- _Material for this exercise_:

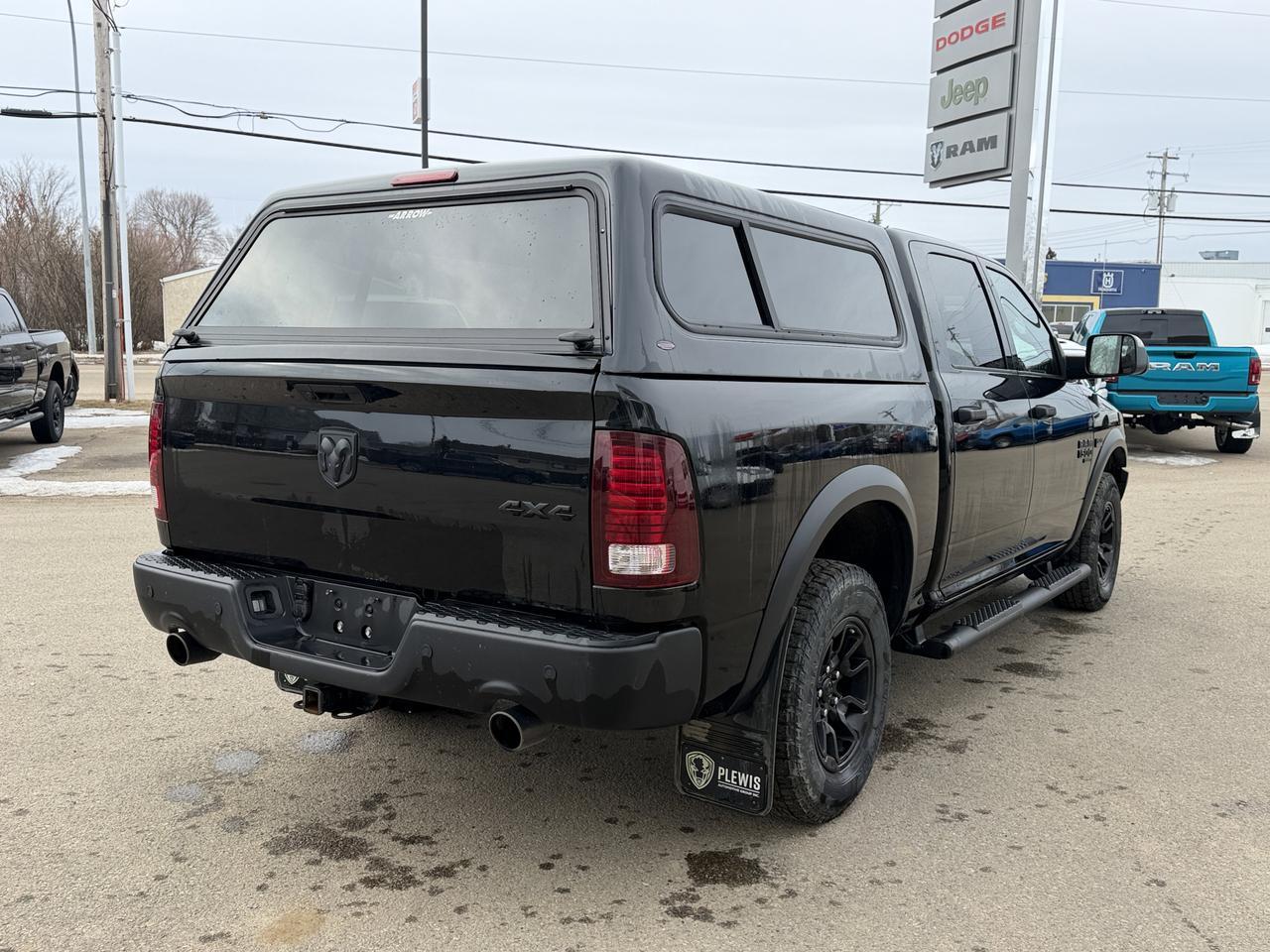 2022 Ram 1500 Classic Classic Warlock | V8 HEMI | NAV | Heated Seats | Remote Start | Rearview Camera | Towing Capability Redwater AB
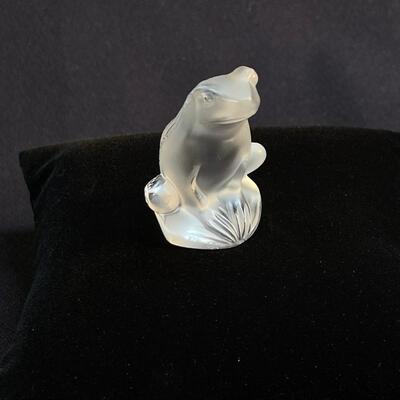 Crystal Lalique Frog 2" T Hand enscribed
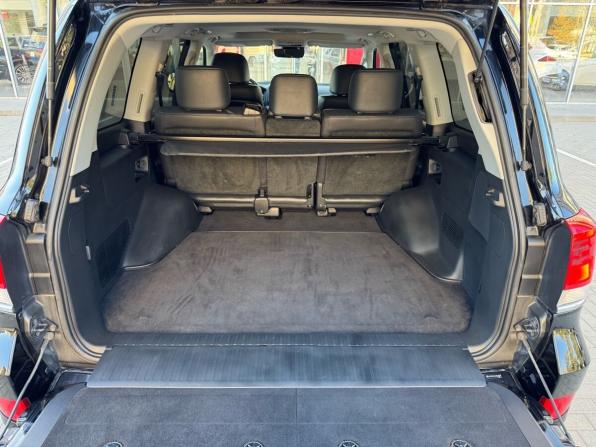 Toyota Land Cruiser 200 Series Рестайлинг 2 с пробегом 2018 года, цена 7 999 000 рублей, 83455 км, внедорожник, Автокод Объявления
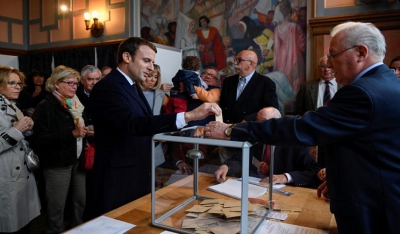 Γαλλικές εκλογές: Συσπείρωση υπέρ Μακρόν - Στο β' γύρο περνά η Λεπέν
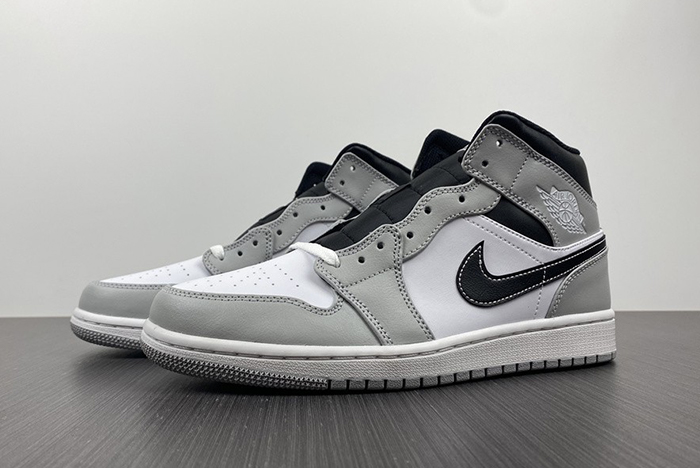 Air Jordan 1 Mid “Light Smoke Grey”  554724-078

--

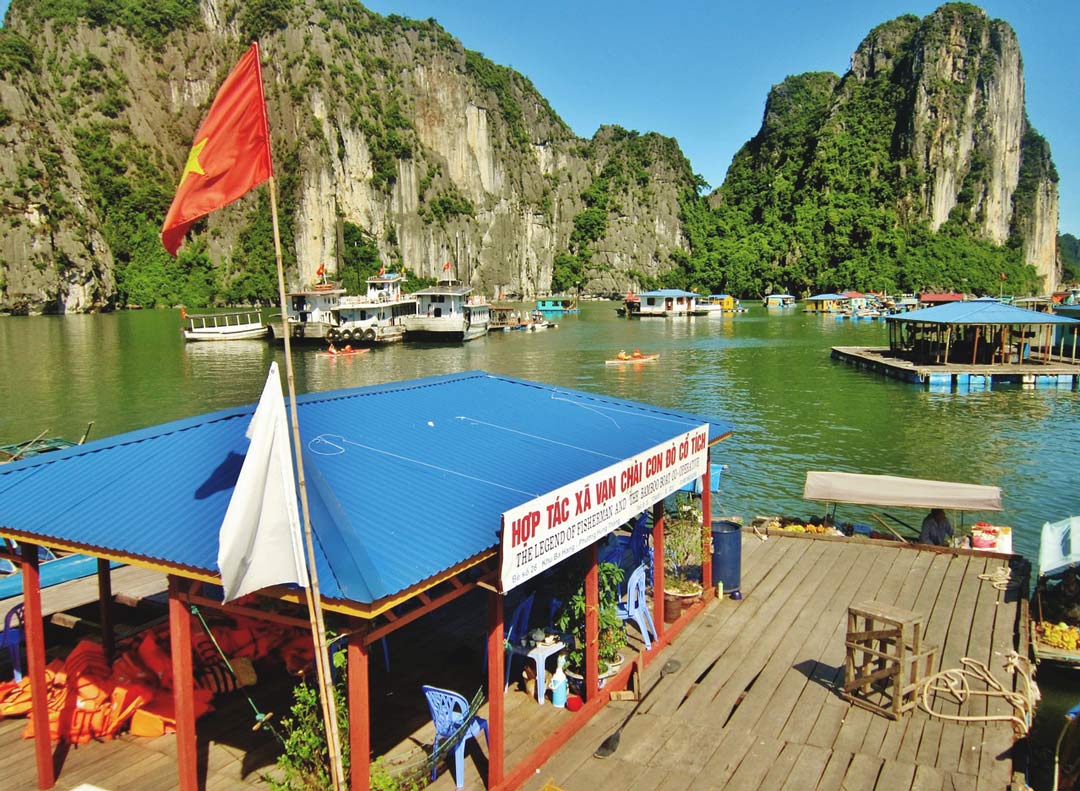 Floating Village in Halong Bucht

- _Brief_: For this exercise, set down the lines in the entries above from the one with "2022 Ram 1500" through the one with "Air Jordan 1" exactly as written, without any pictures.

- _Task response_:
 2022 Ram 1500 Classic Classic Warlock | V8 HEMI | NAV | Heated Seats | Remote Start | Rearview Camera | Towing Capability Redwater AB
 Crystal Lalique Frog 2" T Hand enscribed
 Toyota Land Cruiser 200 Series Рестайлинг 2 с пробегом 2018 года, цена 7 999 000 рублей, 83455 км, внедорожник, Автокод Объявления
 Γαλλικές εκλογές: Συσπείρωση υπέρ Μακρόν - Στο β' γύρο περνά η Λεπέν
 Air Jordan 1 Mid “Light Smoke Grey”  554724-078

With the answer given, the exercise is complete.